I miss her. A vacuum is left inside me and there’s nothing that can fill the emptiness.
It goes on like that a week and then, one bleak Saturday afternoon, everything changes. Adolph comes up from the wine cellar with a strange look on his face.
“What is it?” I ask. He looks as if he’s seen a ghost.
He has in hand a yellowed newspaper he’s found shoved in back of a wine shelf—an edition of the local paper from the sixties—November 28, 1963, to be exact.
“I want you to look at this,” he says, hands trembling, as he hands the paper to me.
Young Local Woman Dies in Tragic Fall, the headline reads.
The article goes on to state that Eileen Dunn, a popular tour guide at the historic Stickley House died when she tripped and fell down a set of basement stairs. The article includes a picture of the woman.
“Is—is this your Eileen?” Adolph stammers.
I nod mutely. She’s pictured wearing the same stylish black coat she often wore. My knees weaken and then, slowly give out.

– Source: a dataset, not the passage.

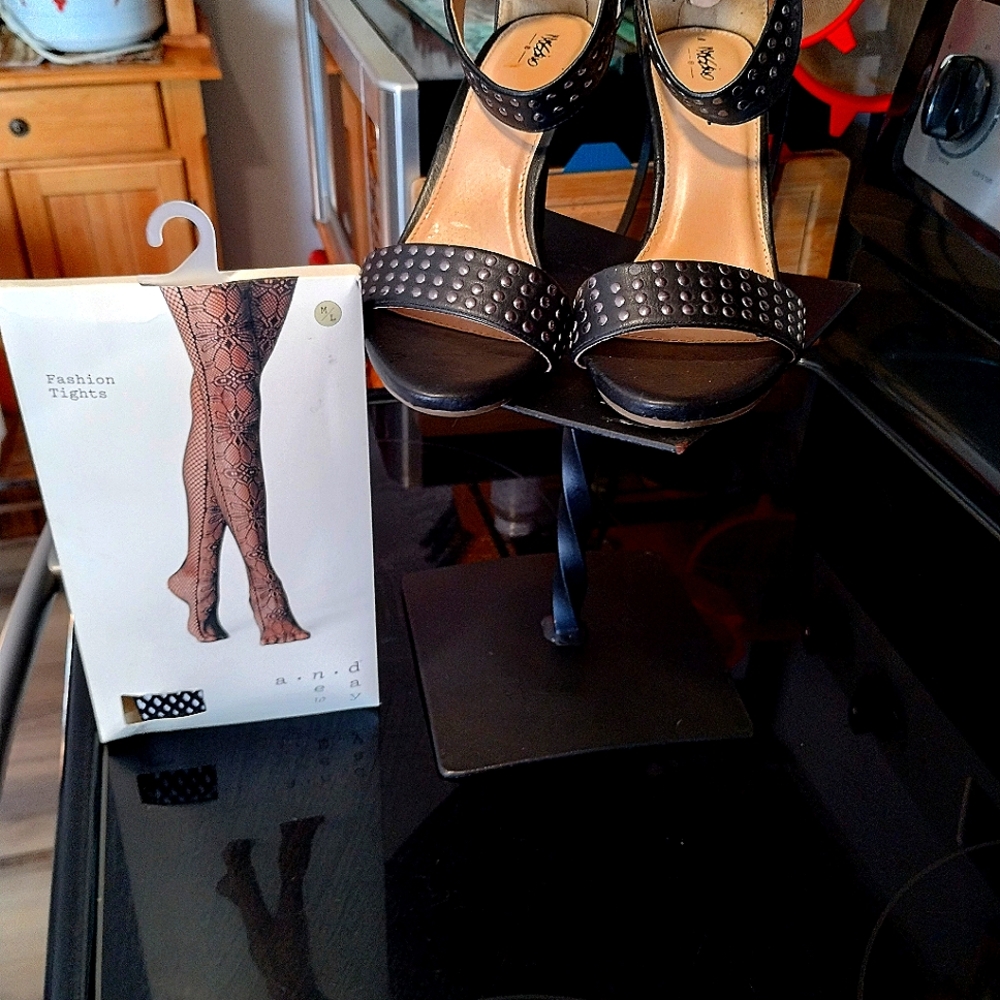 Women's Studded Heels W/Fish Net Stockings.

I can’t explain why Eileen chose to haunt me. I can conjecture, but what’s the point? Nothing makes sense. I doubt it ever will.
I wasn’t looking for her, but she sought me. Why? —To find and then abandon me, leaving me alone in a dark swamp of regret?
It seems absurd.
There’s nothing to do but try to carry on and put all this behind me—I try, but can’t.
I spend nights alone now, by the fire, or I end up staring hopelessly at the Moon.
I keep looking at that moon face as if I’m seeking hers. It’s ironic—that desolate world suits her—lakes of darkness, mares of basalt seas—rills and umbras of mystery.
As with all ancient things, if you stare long enough, they start to tell time—stare longer, and their time starts to tell you. The Moon tells me the lines drawn between Eileen and I aren’t firm—but ragged as the lines of waves washing up on the shore.
It’s not over this transaction between the two of us. Perhaps, momentarily, the tide has gone out, but it will come back again, and when it does, she’ll return too.
But I don’t want this waiting game—this desolate existence. I need to move on.
I need Eileen to give me back my life. Give me back the bruised and broken man who once could dream.
I don’t want moods or phases—I want the transit of days.
I’m talking to her now—nights when the Moon is full.
I’m talking and hoping she’ll see.
Tell me, Beloved, how I can go on, how I can find a way?
You can’t un-break a heart—you can’t un-cry a tear.
You can’t re-start a love that’s been dead for fifty years.